Jesús Martínez Soriano

Toronto, una retrospectiva

Toronto, Canadá. Es la mañana del domingo 7 de febrero de este 2021, en la que, después de varios días de nublados continuos, aparece el sol, pero solo por unas cuantas horas y sin que sus rayos parezcan irradiar suficiente calor para aminorar el gélido ambiente que se registra en el exterior, -7 grados centígrados, con fuertes corrientes de aire que hacen que la sensación térmica sea todavía más fría, -15 grados. Aunque la luz solar sí parece cambiar los ánimos de mucha gente, pues se observan personas mayores, jóvenes y niños, caminando por calles, avenidas y parques, muchos de ellos en compañía de sus mascotas. Es mi día de descanso y no obstante el intenso frío, decido visitar uno de los tres lugares en los que residí en esta Ciudad, durante una estancia de poco más de un año, hace exactamente tres décadas, allá por 1991. Sería difícil recordar las direcciones precisas de esos sitios, si no fuera por los testimonios que algunos miembros de mi familia y amigos aún conservan: cartas, tarjetas y misivas de aquella época, en la que la correspondencia escrita desempeñaba un papel fundamental en la comunicación inter-personal, sobre todo cuando se trataba de lugares distantes, debido a su bajo costo, aunque con una gran demora para llegar a sus destinatarios.

Un tranvía llamado deseo

El primer sitio al que decido regresar, después de mucho tiempo, se localiza al noroeste de esta metrópoli, muy cerca de la intersección de las calles St. Clair y Caledonia, para lo cual abordo el mismo medio de transporte en el que solía trasladarme en ese entonces: el streetcar o tranvía de la ruta 512, mismo que sigue recorriendo el trayecto que va de la estación del metro St. Clair hasta la base de Gunns Loop, en la calle de Keele. Pero ya no es aquel viejo vehículo rojiblanco de un solo vagón que se mantuvo en circulación por poco más de cuatro décadas, desde 1979 hasta 2019, cuando fue sustituido por el actual, y que se volvió un ícono de esta Ciudad, tanto por su atractivo diseño, como por lo cómodo y espacioso que resultaba transportarse en él, un tranvía llamado deseo, literalmente, utilizando el título de aquella famosa película de 1951, protagonizada por Marlon Brando. Véase “Toronto says goodbye to the last old TTC streetcar (blogto.com).” Ahora el nuevo tranvía tiene un diseño más moderno, conserva el mismo color rojiblanco, cuenta con cuatro vagones y, en general, mantiene las comodidades del anterior.

En el trayecto de la estación del metro St.
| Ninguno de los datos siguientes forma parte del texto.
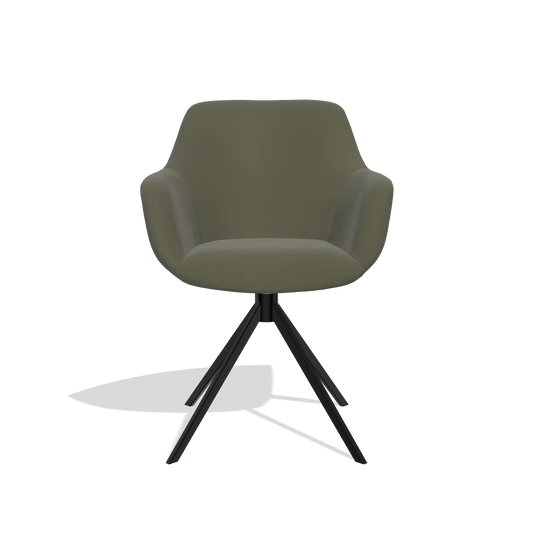 Silla de comedor Pavia 6687 en Piel B962 (gris oscuro), base giratoria en negro, vista frontal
Clair hasta la parada Laughton, empiezo a recordar lo tranquilizador y placentero que para mí resultaba el recorrido en este medio de transporte, sobre todo en el regreso del trabajo a casa, ya sin el stress de tener que llegar a tiempo. Eran las épocas en las que la mayoría de los pasajeros nos distraíamos leyendo un periódico, revista o libro impreso, o simplemente contemplando el paisaje exterior, que en esta temporada de invierno adquiere una tonalidad blanquiazul, tanto por las enormes cantidades de nieve que se acumulan por doquier, como por la intensidad del azul del cielo. Pero los tiempos cambian y hoy en día prácticamente todos los pasajeros van concentrados en sus dispositivos móviles y únicamente algunos de ellos reparan en lo que ocurre fuera de su entorno. En la proximidad de cada estación, observo a la gente apresurase a abordar esta unidad de transporte y pienso en lo sufrido que era y que aún sigue siendo para los habitantes de esta ciudad esperar por el tranvía, al aire libre, en los crudos inviernos que aquí se registran, con la diferencia de que ahora el internet y las aplicaciones permiten conocer las rutas y horarios exactos del transporte público, evitando realizar largas esperas.
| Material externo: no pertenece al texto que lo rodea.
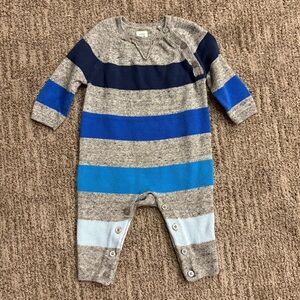 Baby Gap boys one piece sweater outfit size 3-6 months grey & blue stripes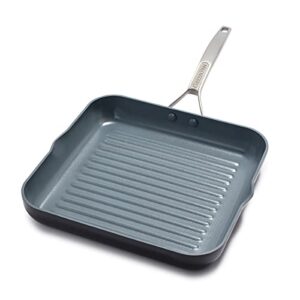 greenpan paris pro hard anodized healthy ceramic nonstick, 11" square grill pan, pfas-free, dishwasher safe, grey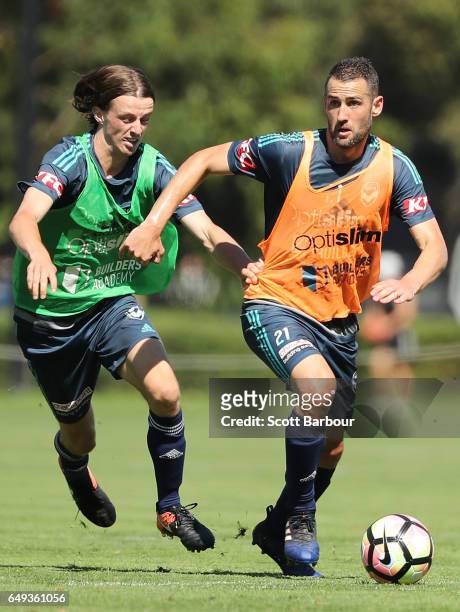 Carl Valeri of the Victory controls the ball during a Melbourne Victory A-League training session at Gosch's Paddock on March 8, 2017 in Melbourne,...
El streetcar se aproxima a la parada en donde debo descender, continua avanzando sobre St. Clair St., atraviesa la calle de Caledonia e inmediatamente después desciende sobre una pendiente para cruzar por debajo del puente por el que circula el tren suburbano GO, una construcción hasta cierto punto simple pero que el paso del tranvía le otorga una panorámica muy peculiar, que se ha convertido ya en uno de los signos distintivos de ese vecindario, como ha quedado asentado en un mural pintado en la avenida Spring Grove, esquina con St. Clair, que retrata la imagen de la cotidianidad de ese zona entre 1911 y 2018. Algunos metros más adelante, el vehículo eléctrico hace parada en la estación Laughton, en donde desciendo.
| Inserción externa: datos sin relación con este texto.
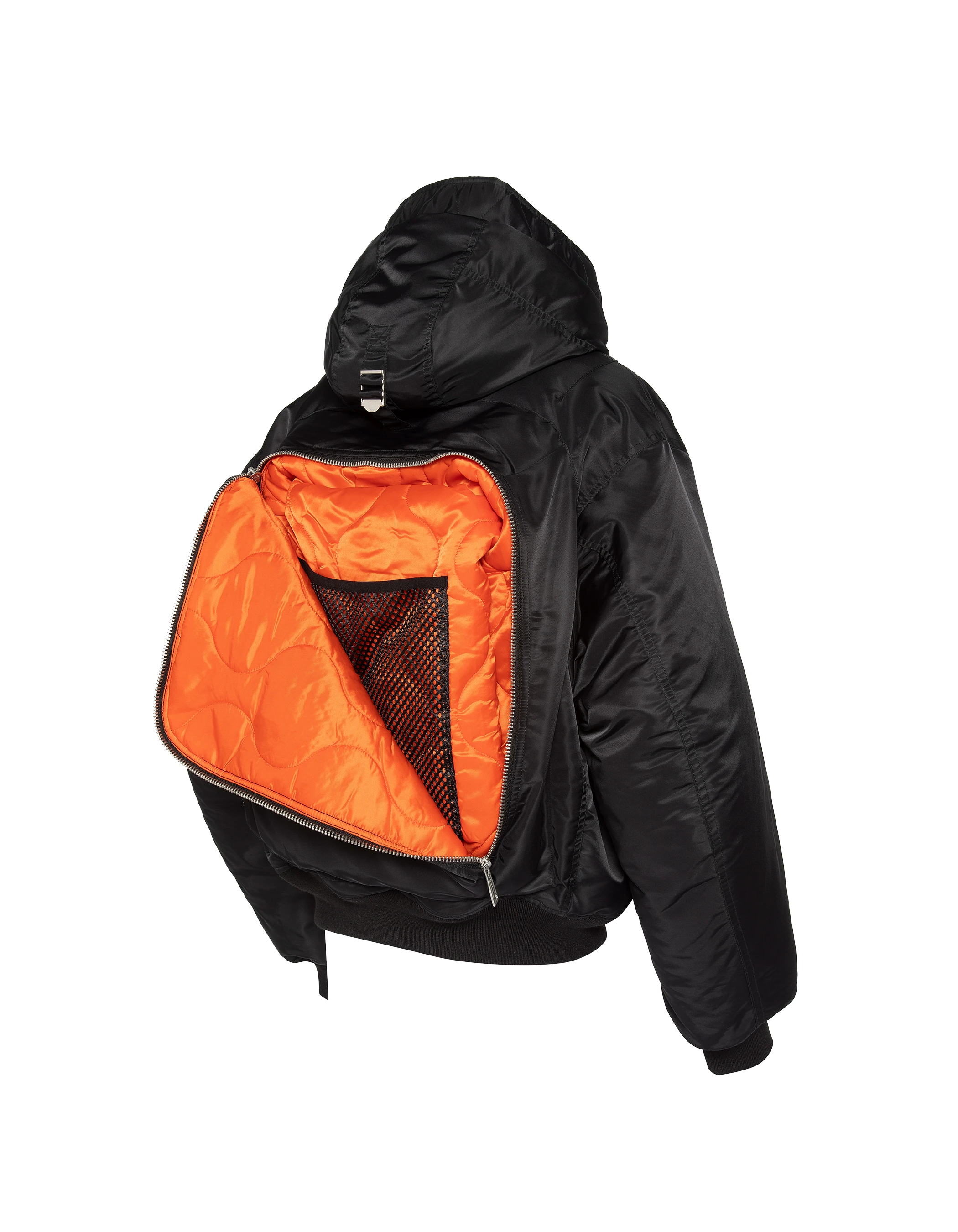 Schwarze Bomberjacke Typ N2B Motorhaube mit integriertem Rucksack-11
El vecindario de St. Clair y Caledonia

Al descender del tranvía empiezo a caminar nuevamente por las calles y avenidas de esa zona y a observar a mi alrededor, lo cual me retrotrae a aquellos años, al tiempo que experimento una emoción difícil de describir; identifico algunos de los lugares que antaño yo frecuentaba, junto con los amigos con quienes vivía: un restaurante de comida cantonesa, que ya no existe, una tienda de conveniencia, que también ha desaparecido, misma que era propiedad de un par de residentes italianos, con quienes establecimos una relación muy familiar, al grado que en varias ocasiones, cuando nosotros efectuábamos el pago de alguna mercancía con billetes de alta denominación y ellos no disponían de monedas de cambio, nos brindaban la confianza para cubrir el adeudo en fechas posteriores. Dirijo la mirada hacia el oeste y observo el puente que cruza sobre St. Clair, al mismo tiempo que un tranvía desciende con cierta parsimonia, con dirección contraria, una bella panorámica que en aquel entonces formaba parte de nuestra cotidianidad y que ahora recreo con cierta nostalgia. De la misma forma, alcanzo a divisar el parque Earlscourt, en la esquina de St. Clair y Caledonia, en donde en la época de verano solíamos caminar, correr o jugar al soccer, junto con otros compañeros del trabajo.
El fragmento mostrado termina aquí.